Analyze QIAseq xHYB Mycobacterium Tuberculosis Panel Data (Human host)
The Analyze QIAseq xHYB Mycobacterium Tuberculosis Panel Data (Human host) template workflow performs spoligotyping for lineage detection and identifies high-frequency antimicrobial drug resistance variants. It is suitable for analysis of samples from human hosts generated with the QIAseq xHYB Mycobacterium tuberculosis Panel. Optionally, the workflow also detects and types Mycobacteriaceae, if the QIAseq xHYB NTM-ID Panel was used in conjunction with the QIAseq xHYB Mycobacterium tuberculosis Panel.
To analyze samples not from human hosts, you can create a copy of the workflow and edit it to fit your specific application, see Template workflows. Since the workflow element Map Reads to Human Control Genes is relevant for human data only, you should delete this. In addition, if a host genome is not relevant for you application, open the Taxonomic Profiling workflow element, and uncheck Filter host reads.
Once the workflow copy is customized, you can install it to make it available from under the Workflows menu (see Workflow installation).

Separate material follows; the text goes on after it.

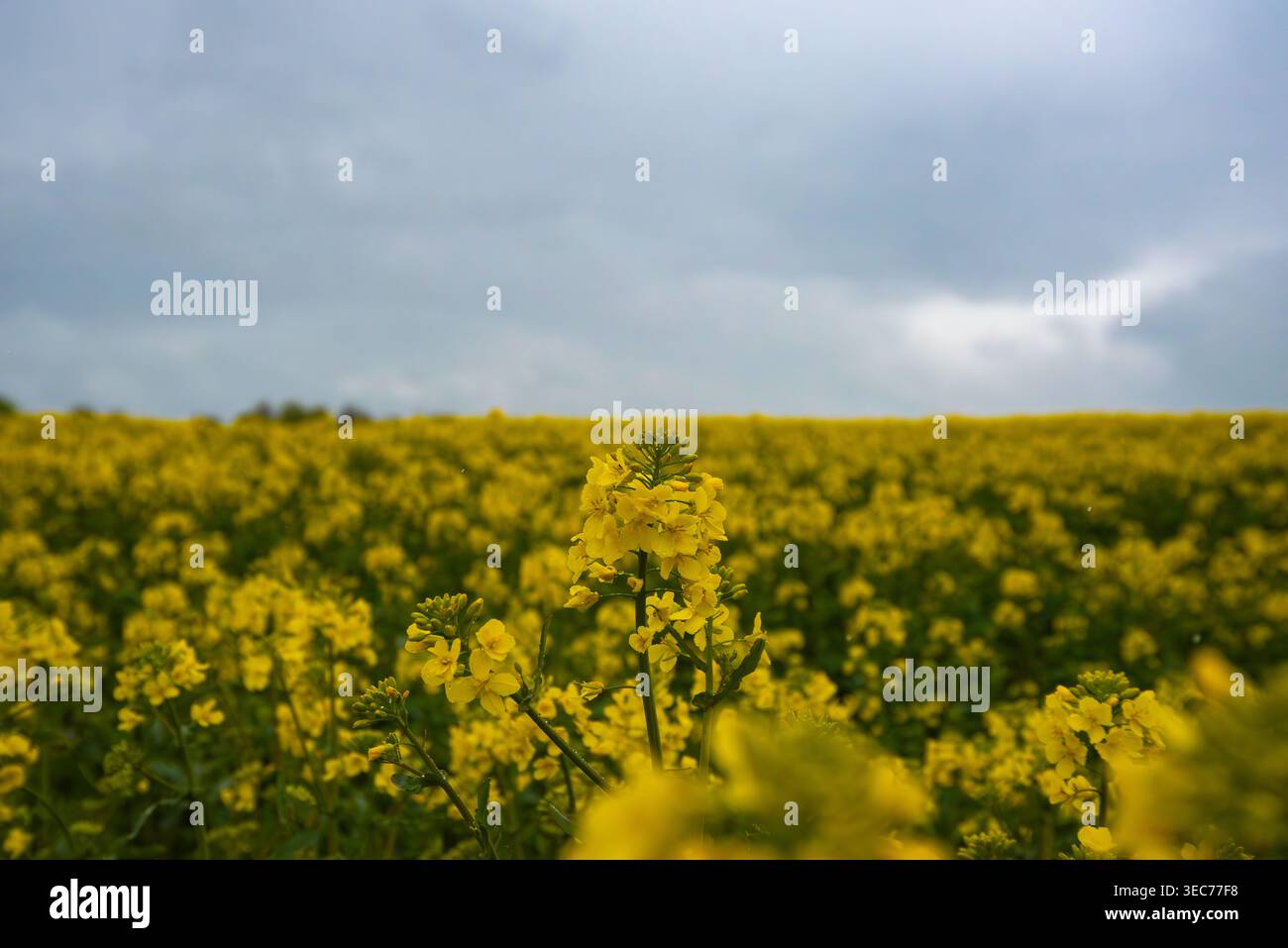 Nahaufnahme von leuchtenden gelben Rapsblüten, die auf einem weiten Feld unter einem stimmungsvollen, bedeckten Himmel blühen. Stockfoto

To run the workflow using a variant database other than the default one, you need to modify the workflow elements where the database name appears as a column header, such as Filter for WHO variants and WHO variant associated with resistance.
QIAGEN Reference Data Set
The QIAseq xHYB Mycobacterium tuberculosis Panel Reference Data Set contains reference data relevant for this template workflow. It includes the Mycobacterium tuberculosis reference genome H37Rv and the WHO Mycobacterium tuberculosis variant database based on the WHO Mycobacterium tuberculosis mutation catalogue (see Reference Data Elements). Like the template workflow, the reference data set is designed for human samples. It contains both a human host taxonomic profiling index and a sequence list with human control genes for use in the workflow step Map Reads to Human Control Genes.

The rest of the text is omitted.